Au premier coup d'oeil, le long cou et la crête sur la tête, me font penser à la perdrix, mais François, en observant la queue pointue, fait entendre un tonitruant "Tétras à queue fine" .

Pendant que je cherche ma caméra sur le siège arrière du véhicule, François s'avance vers l'oiseau. Je lui demande de m'attendre un peu, car j'ai peur que l'oiseau s'envole avant que je n'aie eu le temps de le pixelliser. Mais non, l'oiseau ne s'envole pas et il se montre même très agressif. À un moment donné, il s'avance vers François les ailes ouvertes afin de l'effrayer.


Du moins, c'est ce que je crois. Mais ce qui suit démontre qu'il ne veut pas effrayer François, mais il veut plutôt faire s'envoler des poussins que ni François ni moi-même avons encore aperçu tellement notre attention est portée uniquement sur l'adulte qui nous fait face. Nous savons maintenant que nous avons affaire à une femelle et à sa nichée. L'excitation devient encore plus grande. À un moment donné, la femelle part en courant, le corps tendu vers l'avant, les ailes étirées et tenues à l'horizontal, un peu comme un mâle en train de faire sa parade au printemps. Elle se dirige vers nous...

  
et elle fait s'envoler 2 poussins cachés par la végétation et que nous n'avons pas encore vus.



Et elle n'arrête pas ce manège tant que les 9 poussins présents (du moins ce que je peux compter dans tout ce brouhaha) ne sont pas tous partis se cacher à l'abri dans la végétation. Une fois la nichée en sécurité, la femelle s'envole pas très loin dans un feuillu et voilà la seule photo que je peux en faire avant qu'elle ne s'éloigne encore un peu plus.

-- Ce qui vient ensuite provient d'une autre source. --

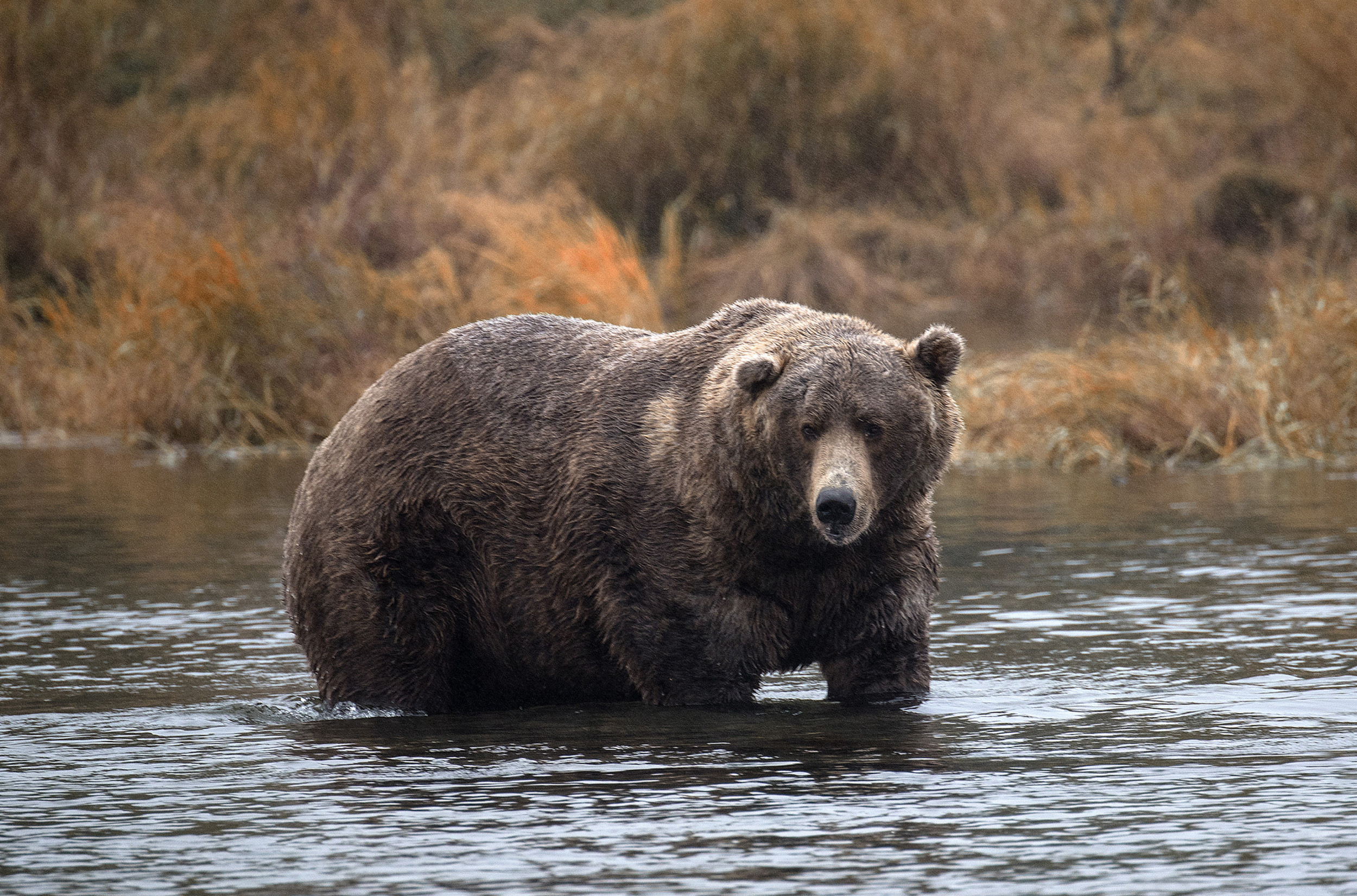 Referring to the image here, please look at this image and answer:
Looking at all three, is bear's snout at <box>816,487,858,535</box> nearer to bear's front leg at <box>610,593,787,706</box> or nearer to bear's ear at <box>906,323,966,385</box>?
bear's front leg at <box>610,593,787,706</box>

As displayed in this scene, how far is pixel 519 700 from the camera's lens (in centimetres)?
718

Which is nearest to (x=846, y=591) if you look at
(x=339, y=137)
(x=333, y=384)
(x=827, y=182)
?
(x=333, y=384)

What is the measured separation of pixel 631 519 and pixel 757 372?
2.19 feet

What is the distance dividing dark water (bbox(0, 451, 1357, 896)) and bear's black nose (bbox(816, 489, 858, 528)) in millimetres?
677

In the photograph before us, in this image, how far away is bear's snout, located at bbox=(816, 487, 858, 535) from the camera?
6113mm

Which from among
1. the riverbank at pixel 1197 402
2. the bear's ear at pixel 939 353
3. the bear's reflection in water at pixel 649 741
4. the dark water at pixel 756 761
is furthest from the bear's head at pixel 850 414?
the riverbank at pixel 1197 402

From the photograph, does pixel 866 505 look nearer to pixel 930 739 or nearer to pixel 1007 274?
pixel 930 739

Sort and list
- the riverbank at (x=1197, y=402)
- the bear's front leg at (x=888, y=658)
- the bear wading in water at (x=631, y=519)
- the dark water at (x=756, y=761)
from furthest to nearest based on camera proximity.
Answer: the riverbank at (x=1197, y=402) < the bear's front leg at (x=888, y=658) < the bear wading in water at (x=631, y=519) < the dark water at (x=756, y=761)

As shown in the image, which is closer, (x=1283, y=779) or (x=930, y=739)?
(x=1283, y=779)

Et voilà ce que mes rencontres m'ont permis d'apprendre sur le comportement des poules des trois espèces de tétraoninés présentes au Québec. La moins agressive est, sans trop de surprise, celle du Tétras du Canada. En deuxième position, la femelle du Tétras à queue fine semble plus préoccuper à faire s'enfuir sa marmaille qu'à vouloir affronter physiquement le prédateur potentiel. Par contre, la femelle de la Gélinotte huppée est prête à mettre sa vie en péril pour défendre sa nichée.

J'aurais aimé expérimenter plus de rencontres avec le Tétras à queue fine, car une seule occasion peut ne pas refléter le comportement habituel. Si quelqu'un d'entre vous qui lisez ce billet a vécu une expérience différente avec ce tétras, j'aimerais bien en entendre parler.


4 commentaires:

Noushka a dit…

WOW!
Quel post extraordinaire et passionnant!
Je n'ai pas souvent le temps de lire le texte entier chez tous ma blogueurs, surtout quand il est long , mais ton blog est un vraiment un incontournable en la matière!
Comme j'aurais aimé être là pour ces rencontres!
Faire de belles photos comme les tiennes est bien, mais faire une étude approfondie de leurs mœurs est autre chose!
C'est ce que je me propose de faire, une fois installée pour de bon en Australie!!
Je suis passée voir tes autres posts, mais pas le temps de laisser des commentaires, nous allons être coupés d'électricité pendant plusieurs heures...
Mes amitiés et bonne continuation!

Noushka a dit…

J'aimerais te contacter par mail pour ton aide!
Pourrais-tu m'en envoyer un rapide quand tu as 2 minutes?!
Merci d'avance!
Bizzzz!

Didier 85 a dit…

Très belles photos bien documentées !
Bonne soirée et @ bientôt
Didier 85

Anonyme a dit…

Une belle trouvaille ce poussin tétras ! Il est vraiment adorable. J'ai eu deux rencontres avec le tétras du Canada et cet oiseau ne m,a pas semblé très farouche comparativement à d'autres espèces rencontrés. Et il a fier allure ! J'espère bien le croiser de nouveau.